Minimally invasive colon surgery (MIS) has been shown to minimize pain and decrease overall recovery time. No studies have shown a clear oncologic benefit. Some literature suggests that the time to administration of chemotherapy can be important to improve outcomes for advanced colon cancer. The goal of this study is to evaluate the effect of minimally invasive surgery on the timing of chemotherapy administration.

METHODS

This was a retrospective review of all patients undergoing surgery for colon cancer at a tertiary institution between 2004 and 2013.

RESULTS

A total of 668 partial colectomies for cancer were performed; 241 were stage III and above and deemed appropriate for chemotherapy. Eighty-five patients did not receive chemotherapy (patient's wishes, age/comorbidities or lost to follow-up). Of the 156 patients who received chemotherapy, 57 underwent MIS and 99 had open colectomy. Average time to chemotherapy after MIS colectomy was 42.9 versus 60.3 days for open surgery (p < 0.001). In the open group, 52 (53 %) people had postoperative complications and readmissions versus 24 (39 %) in the MIS group. Postoperative complications increased the time to chemotherapy for all patients.

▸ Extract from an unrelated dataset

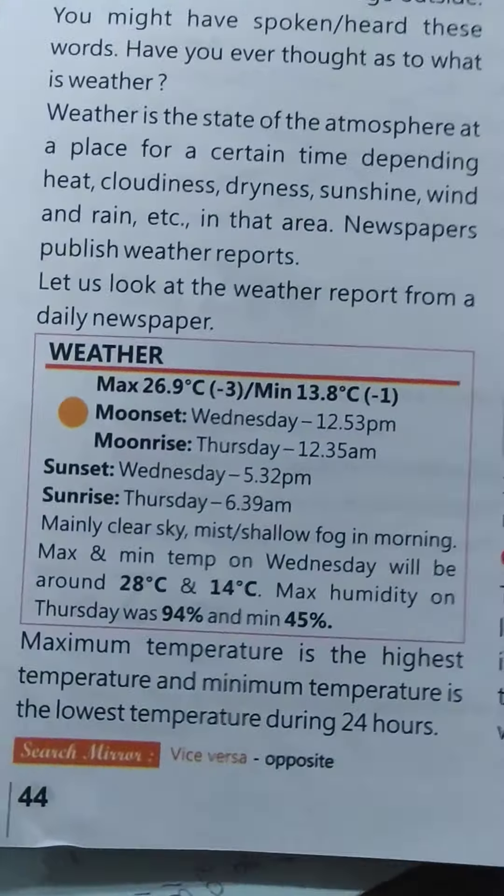What a fine weather it is! Let's go outside. You might have said this before — but have you ever thought about what weather actually is? Weather is the state of the atmosphere at a place for a certain time, depending on heat.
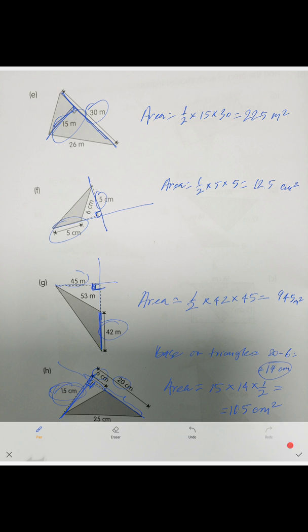I'm going to show you the answers really fast — I hope you followed through the video. Just a quick glimpse of the answers.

However, among patients with complications, patients in the MIS group were still able to start chemotherapy earlier (p < 0.05) than open colectomy patients. Multivariate analysis revealed the MIS approach as the only factor lowering time between surgery and chemotherapy.

CONCLUSIONS

Laparoscopic colectomy decreases the time interval from surgery to the start of chemotherapy compared with open colectomy. Postoperative complications increase the time to chemotherapy for both open and MIS surgery.

摘要

背景

微创结肠手术(MIS)已被证明可将疼痛降至最低并缩短总体恢复时间。尚无研究显示其具有明确的肿瘤学益处。一些文献表明,对于晚期结肠癌患者,化疗给药时间对于改善预后可能很重要。本研究的目的是评估微创手术对化疗给药时间的影响。

方法

这是一项对2004年至2013年间在一家三级医疗机构接受结肠癌手术的所有患者的回顾性研究。

结果

共进行了668例癌症部分结肠切除术;其中241例为III期及以上,被认为适合化疗。85例患者未接受化疗(患者意愿、年龄/合并症或失访)。在156例接受化疗的患者中,57例行MIS手术,99例行开放结肠切除术。MIS结肠切除术后平均化疗时间为42.9天,而开放手术为60.3天(p<0.001)。在开放手术组中,52例(53%)患者有术后并发症及再次入院,而MIS组为24例(39%)。术后并发症延长了所有患者的化疗时间。然而,在有并发症的患者中,MIS组患者仍比开放结肠切除术患者更早开始化疗(p<0.05)。多因素分析显示,MIS手术方式是缩短手术与化疗间隔时间的唯一因素。

结论

与开放结肠切除术相比,腹腔镜结肠切除术可缩短从手术到开始化疗的时间间隔。术后并发症会延长开放手术和MIS手术患者的化疗时间。